The Modified Accelerated Cost Recovery System (“MACRS”) is currently used to depreciate business property placed in service after 1986. MACRS consists of two depreciation systems: the General Depreciation System (“GDS”) and the Alternative Depreciation System (“ADS”). These two systems depreciate property in different ways, such as by method, recovery period and bonus depreciation. The chart below shows the main differences between GDS and ADS.  

 

GDS

ADS

Depreciation Method

Three methods:

  1. The 200% declining balance method
  2. The 150% declining balance method
  3. The straight line method

One method: The straight line method

Recovery Period

Shorter

Longer

Automobiles

5 years

5 years

Computers and peripheral equipment

5 years

5 years

Office furniture and equipment

7 years

10 years

Typewriters, calculators, copiers

5 years

6 years

Agricultural machinery and equipment

5 or 7 years

10 years

Tree or vine bearing fruits or nuts

10 years

20 years

Land improvements

15 years

20 years

Qualified improvement property

15 years

20 years

Nonresidential real property

39 years

40 years

Residential rental property (placed in service after 12/31/2017)

27.5 years

30 years

Residential rental property (placed in service before 1/1/2018)

27.5 years

40 years

Bonus Depreciation

Yes

No


Which Applies, GDS or ADS?

Generally, taxpayers must use GDS to depreciate property. However, IRS Pub. 946 lists the following property for which the use of ADS is mandatory:

  • Nonresidential real property, residential real property and qualified improvement property held by an electing real property trade or business.
  • Any property with a recovery period of 10 years or more under GDS held by an electing farming business.
  • Any tax-exempt use property.
  • Any tax-exempt bond-financed property.
  • All property used predominantly in a farming business and placed in service in any tax year during which an election not to apply the uniform capitalization rules to certain farming costs is in effect.
  • Any property imported from a foreign country for which an executive order is in effect, because the country maintains trade restrictions or engages in other discriminatory acts.

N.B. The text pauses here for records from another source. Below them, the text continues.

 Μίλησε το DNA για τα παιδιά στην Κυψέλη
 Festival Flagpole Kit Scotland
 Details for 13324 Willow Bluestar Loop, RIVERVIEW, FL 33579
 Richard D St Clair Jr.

Also, a taxpayer can elect to use ADS (IRC Sec. 168(g)(7)). This election must apply to all property in the same class that is placed in service during the year. In the case of nonresidential real property or residential rental property, this election may be made separately with respect to each property. Once the election is made, it is generally irrevocable.  

Whether or not to use ADS is important for business taxpayers, because depreciation expense can significantly reduce business taxes. It becomes more important and complex when interacted with IRC Sec. 163(j) interest expense deduction limitations.

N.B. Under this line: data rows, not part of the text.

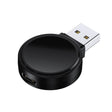 Metal And Plastic Apple Smartwatch Wireless Magnetic USB Charger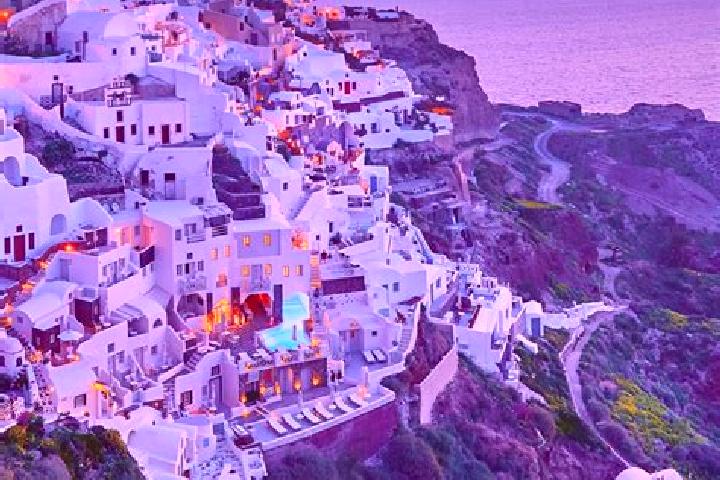 Lily, 27 — Escort in Lyrkeia, Greece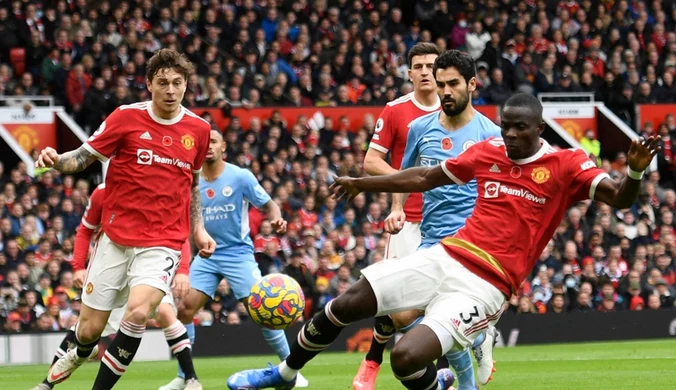 Premier League. Piłkarze MU jadą na (nie)zasłużone wakacje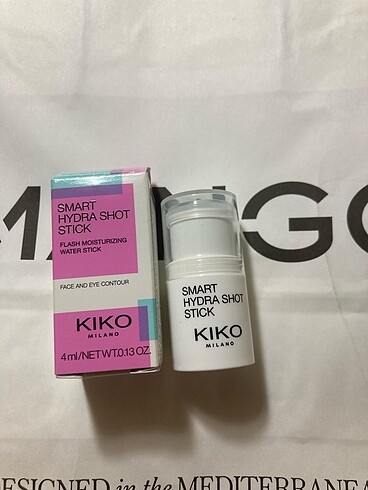  Beden KIKO SMART HYDRA STICK
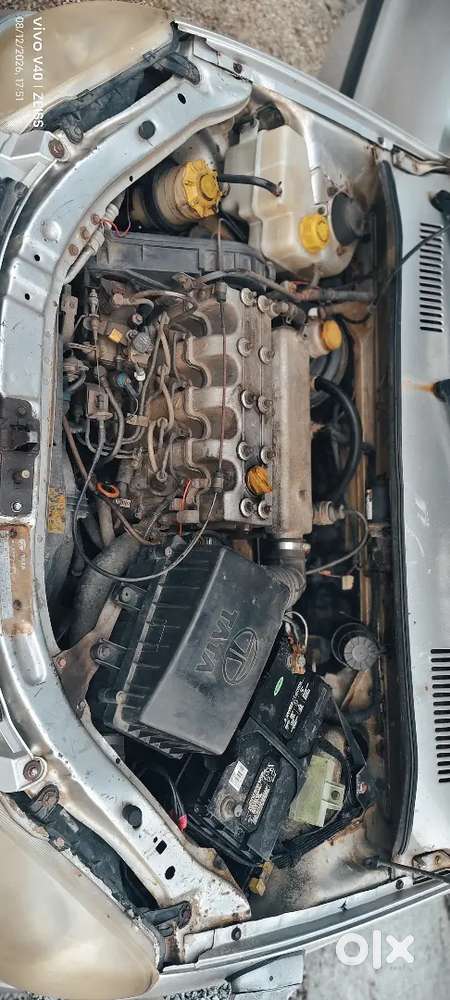 Tata Indica Diesel 2009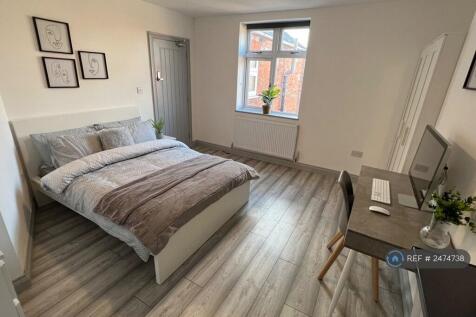 Room b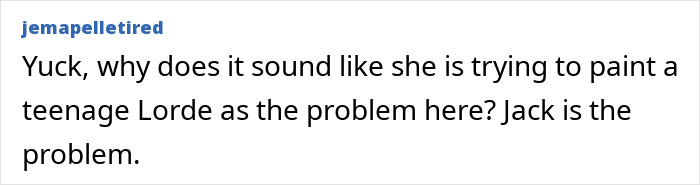 2017 Lena Dunham Tweet About Lorde And Jack Antonoff Resurfaces Amid Explosive Memoir Revelations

TCJA Interest Expense Limitation Interaction with ADS

The 2017 Tax Cuts and Jobs Act (“TCJA”) significantly changed the deductibility of business interest expense. The amount of deductible net business interest expense under IRC Sec. 163(j) cannot exceed 30% of the taxpayer’s adjusted taxable income (“ATI”). ATI is generally taxable income computed without regard to any:

  • Item of income, loss, gain or deduction that is not allocable to a trade or business.
  • Business interest income or expense.
  • Net operating loss deduction.
  • Qualified business income deduction.
  • Depreciation, amortization and depletion deductions for tax years 2018-21.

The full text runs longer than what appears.